Источником, из которого представления о жанре видения пришли к самому Блейку, можно, по мнению Н. Фрая, назвать «Песнь Давиду» Кристофера Смарта (1722-1771). Н. Фрай считает, что Блейк мог почерпнуть вдохновение «в- великом видении природы, подчиняющейся власти вдохновенного поэта-пророка Давида, который восхваляет Бога и устремляется ввысь, к апокалиптическому состоянию невинности»[363, p. 176]. Средневековые видения были известны Блейку, прежде всего, по знаменитой в его время книге Д. Беньяна «Путь паломника». М. Никола указывает на Блейка как на продолжателя жанра средневекового видения [190, c. 55]. Возможно, Блейк был знаком с видениями испанского сатирика Ф. Кеведо в английском переводе; косвенным указанием на это является созвучие имени автобиографического персонажа-шутника Куида (Quid) в прозаической сатире Блейка «Остров на Луне». Должно было быть известно Блейку и средневековое «Видениие о Петре Пахаре» У. Ленгленда. Визионерскими произведениями Блейк считал поэмы Д. Мильтона и Э. Спенсера.
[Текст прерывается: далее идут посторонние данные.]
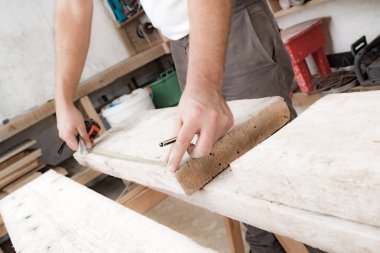 Erkek marangoz garajda ahşap malzemelerle çalışıyor..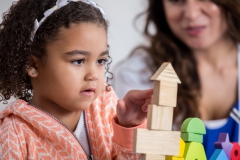 Girl builds with wooden blocks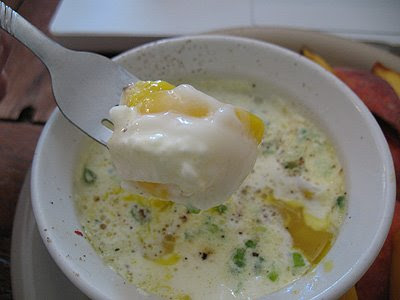 A photo of a spoonful of eggs baked in ramekins with herbs.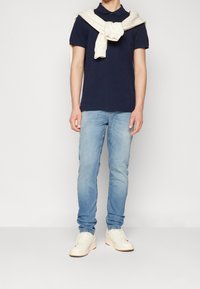 Marinblå polo, ljusblåjeans och vita sneakers. En krämfärgad tröja hängande över axlarna. Enkel design med en klassisk look.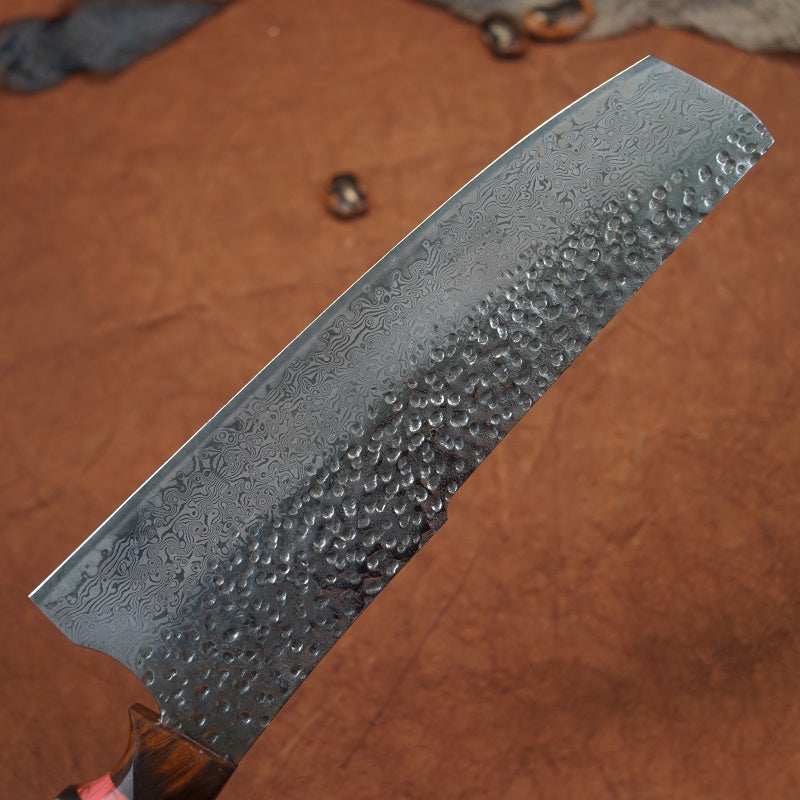 Close up view of the Japanese Nakiri Damascus steel blade showing the patters 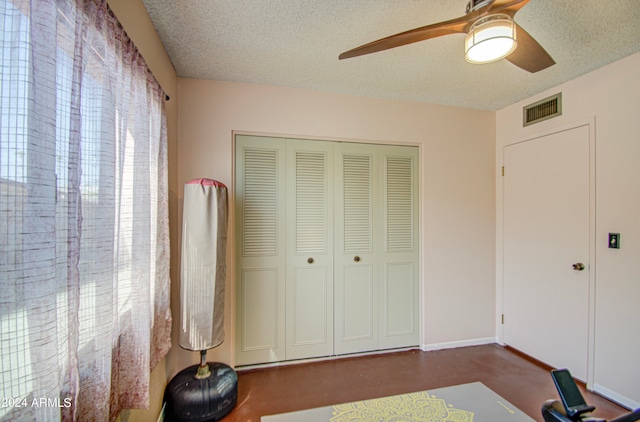 bedroom with a textured ceiling, a closet, and ceiling fan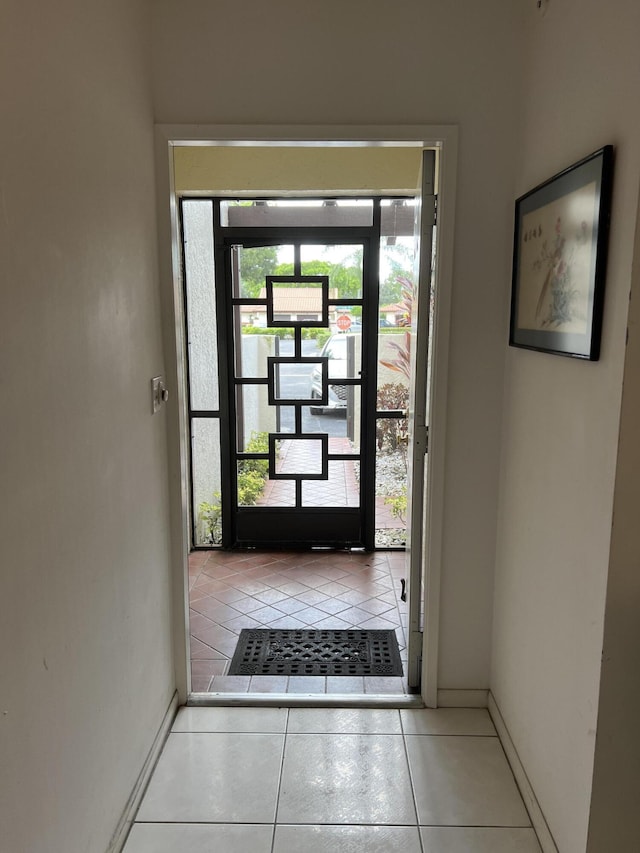 doorway to outside with tile patterned floors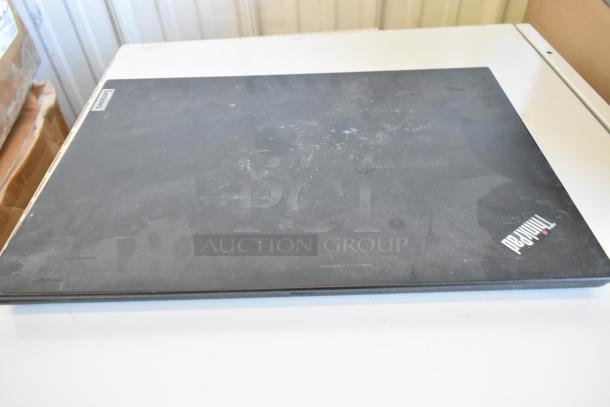 An assortment of five laptops, including prominent brands Dell and HP, displayed together. Some wear is visible.
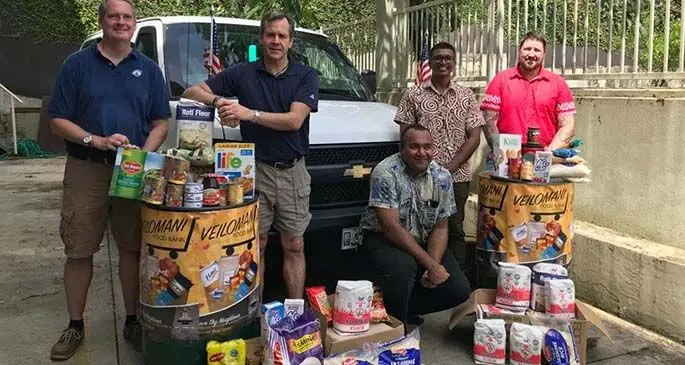 His Excellency Joseph Cella and the staff of the United States embassy alongside their generous donation towards the Veilomani Food Bank. Photo: US Embassy-Fiji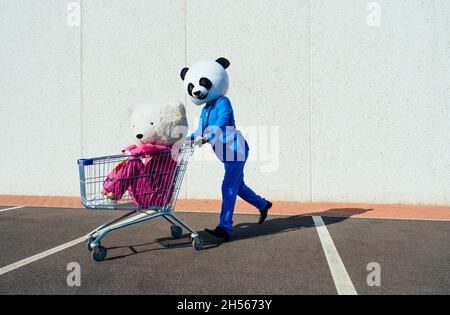 Ein erzähltes Bild eines Paares, das einen riesigen Pandakopf und farbige Anzüge trägt. Mann und Frau feiern auf einem Parkplatz. Stockfoto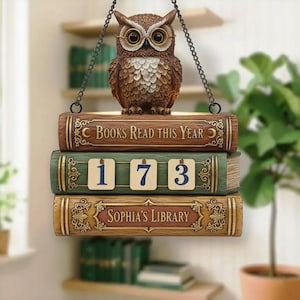 Puede incluir: Una figura decorativa de búho posada sobre tres placas apiladas con forma de libros. La placa superior dice "Books Read This Year", la del medio muestra "173" y la inferior dice "Sophia's Library". El búho y los libros son marrones y verdes.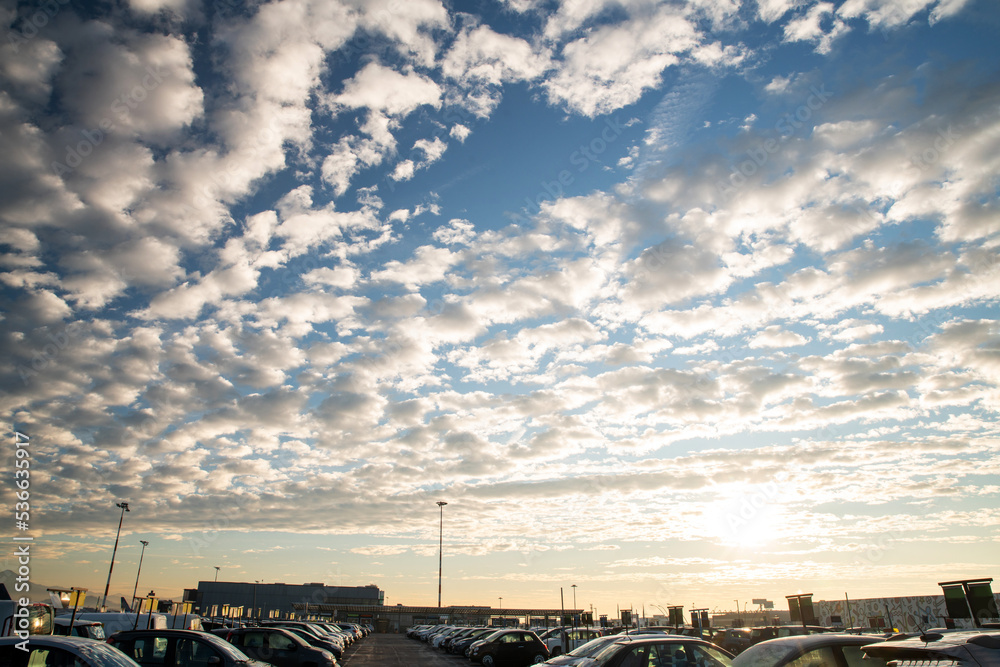 Fantastic winter shiny sky in the north of Italy at Bergamo airport and a little - the roofs of cars that are rented
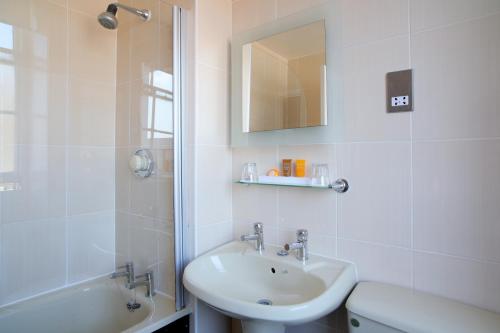 A bathroom at Carlisle Station Hotel, Sure Hotel Collection by BW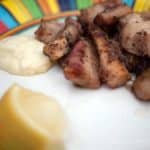 Gegrilltes Fleisch auf buntem Teller mit Zitronenspalte und Klecks Sauce.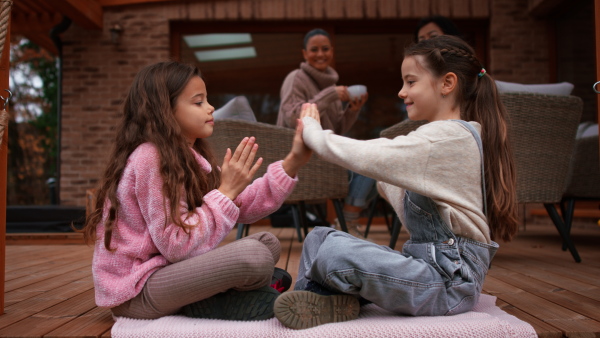 Two happy little sisters hugging outdoors in a patio in autumn, mother and grandmother at background.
Интерес к пророчеству и видению как жанрам активизирован именно романтической эпохой (о причинах этого интереса речь шла выше). Так пророческого пафоса исполнен образ греческого философа Эмпедокла в трагедии Ф. Гёльдерлина «Смерть Эмпедокла»; «вскормлен -видением» [299, c. 143] Аластор, герой одноименной поэмы П. Б. Шелли, другое его произведение, «Возмущение Ислама» прямо названо «видением XIX века». Близки по структуре к средневековому видению «Сон пилигрима» У. Вордсворта и «Зловещий грезился мне сон» Г. Гейне. Визионерскими стихотворениями Блейка могут быть названы «Ночь», «Ангел», «Сон» из «Песен Невинности и Опыта».
Как визионерские стихотворения, так и пророческие книги Блейка наследуют главный закон религиозно-мистических пророчеств: «закон цельности изображения» [146, c. 44]. У Блейка этот закон, торжество которого мы связываем с выраженным мифологизмом поэта, проявился не только в поэтическом творчестве, но и в его живописи и графике. Композиции его картин отличаются завершенностью, почти нет профильных изображений, фигуры персонажей полностью вписаны в рамки картины.